Action item:
What are the lines, word for word, from the line with "Bajaron 20% envíos" up to and including the line with "Semi-aniline leather swatch" in the records below? Omit the pictures.

Data to process:

───

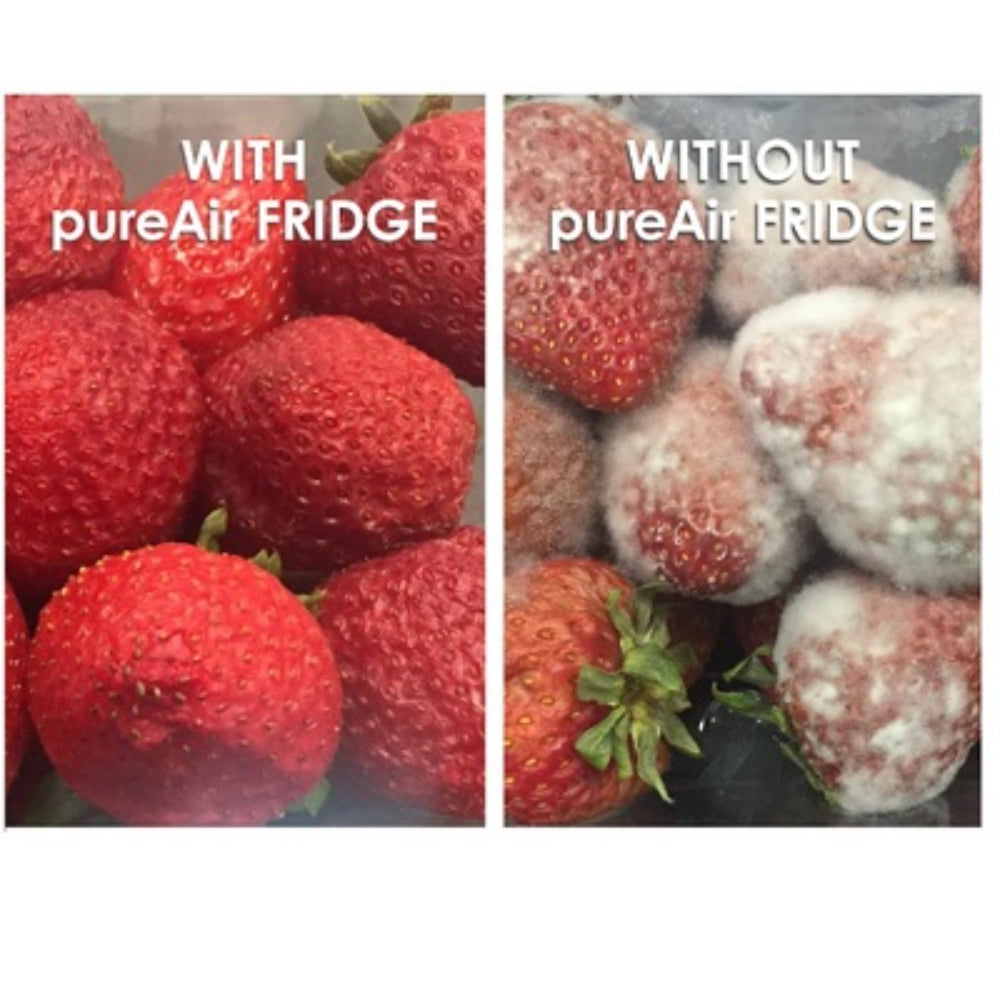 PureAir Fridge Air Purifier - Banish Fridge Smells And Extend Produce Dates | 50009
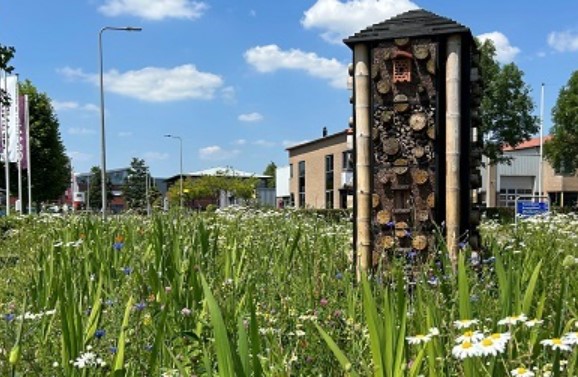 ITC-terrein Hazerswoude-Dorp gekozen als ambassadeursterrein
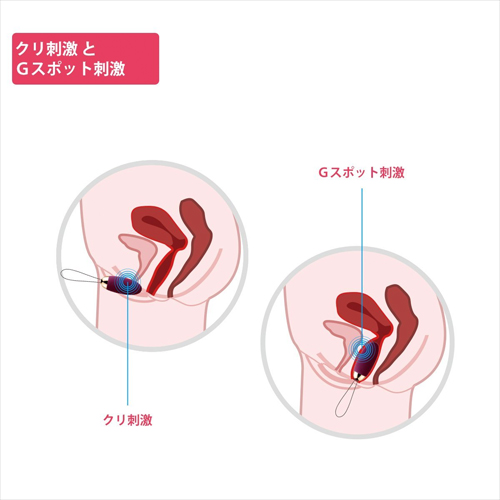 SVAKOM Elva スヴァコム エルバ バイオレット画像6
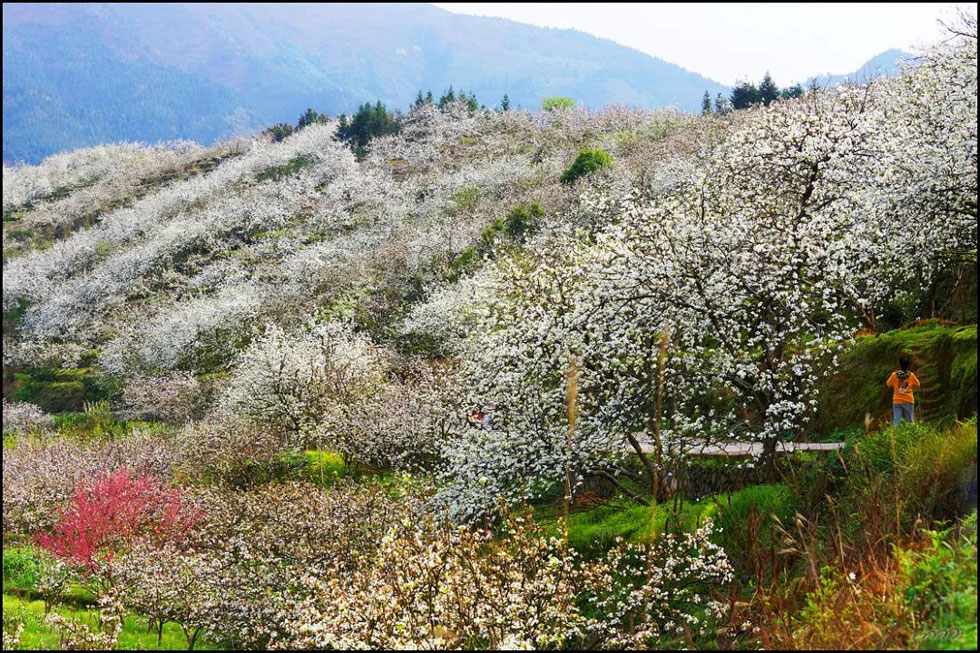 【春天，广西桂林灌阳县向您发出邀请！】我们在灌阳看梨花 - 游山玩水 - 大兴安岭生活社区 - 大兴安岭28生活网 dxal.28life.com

───

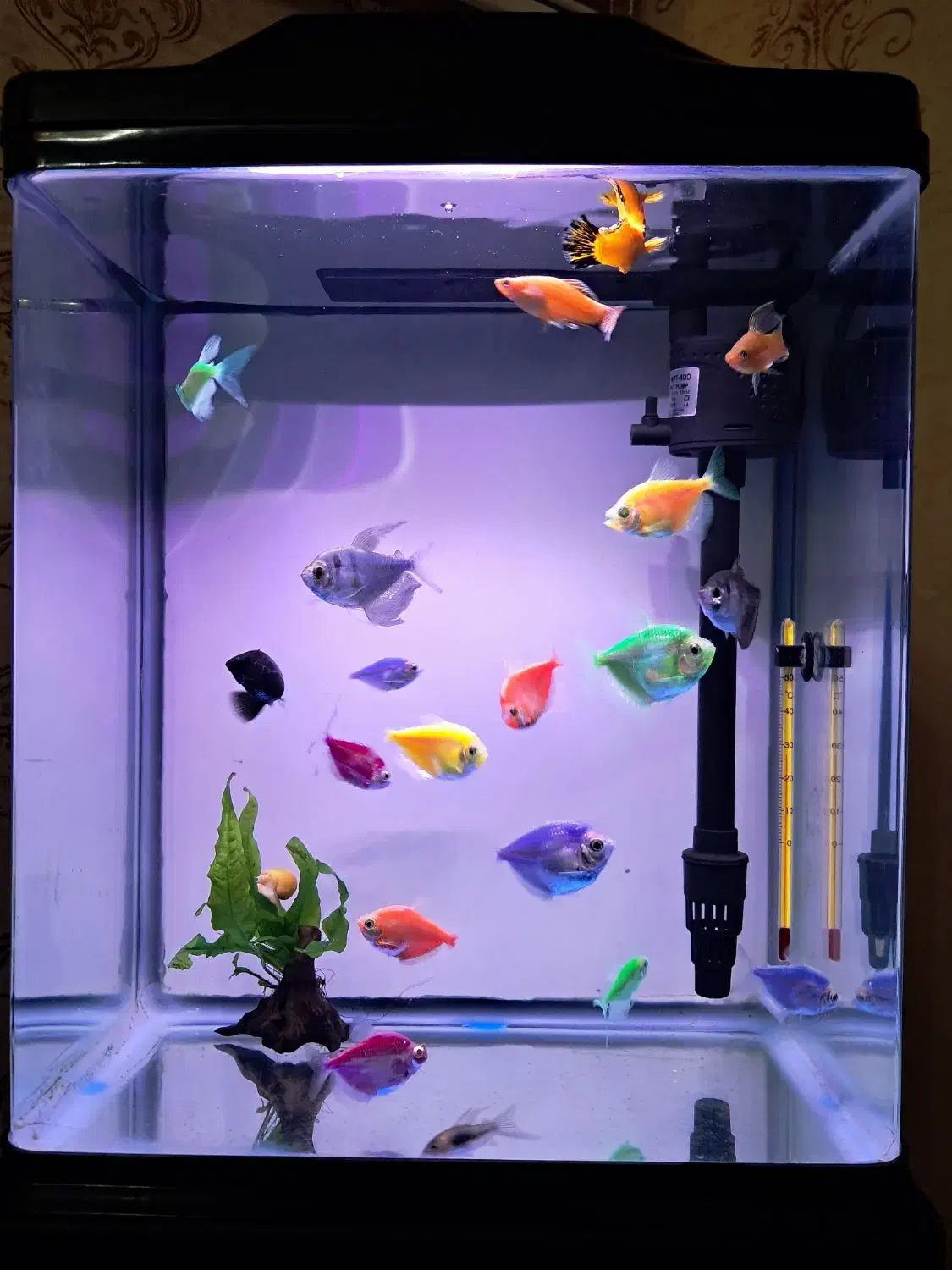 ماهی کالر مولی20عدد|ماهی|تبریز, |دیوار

───

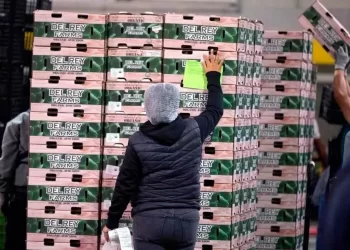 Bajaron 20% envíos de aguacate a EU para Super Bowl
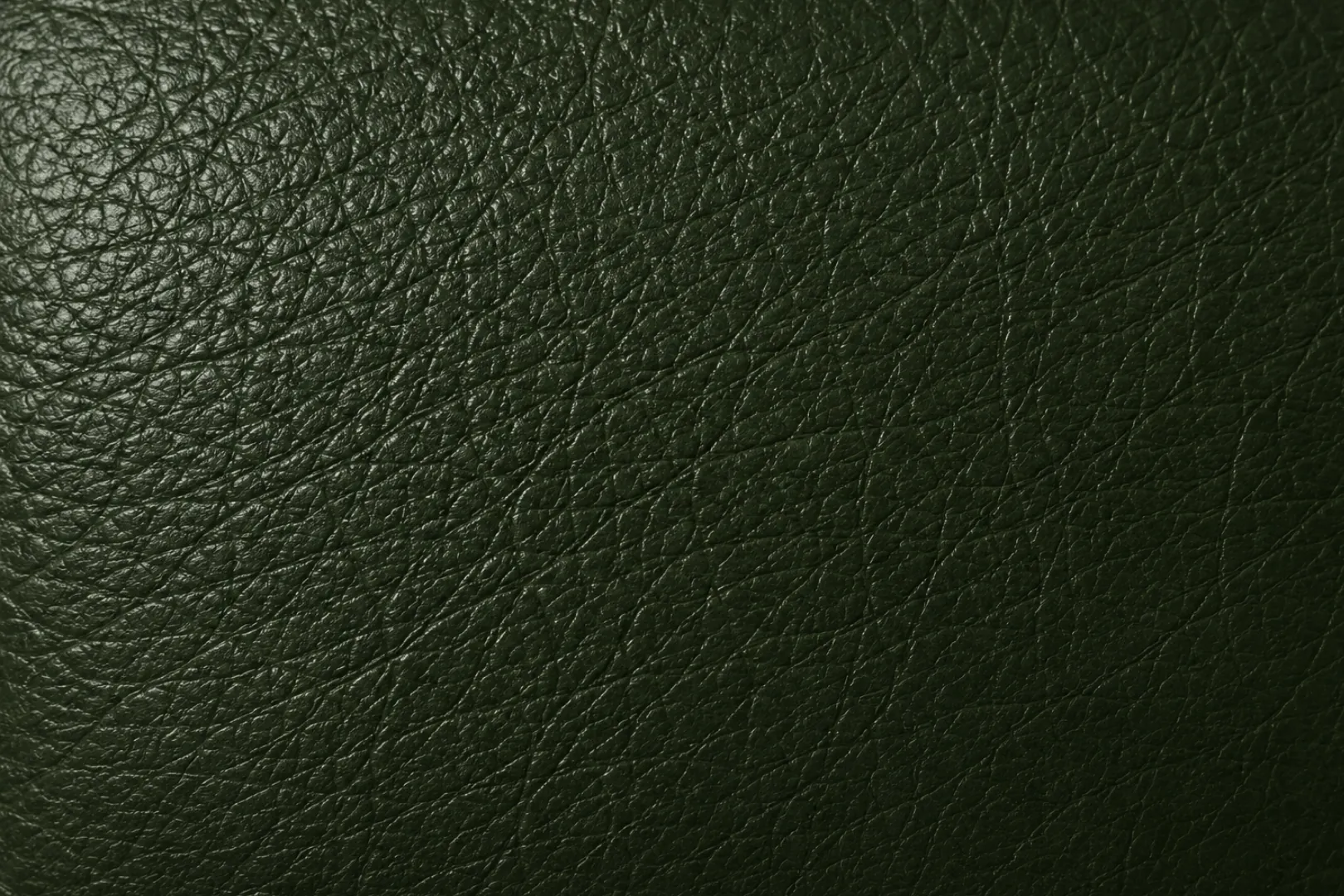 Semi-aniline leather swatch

───

Exercise response:
 Bajaron 20% envíos de aguacate a EU para Super Bowl
 Semi-aniline leather swatch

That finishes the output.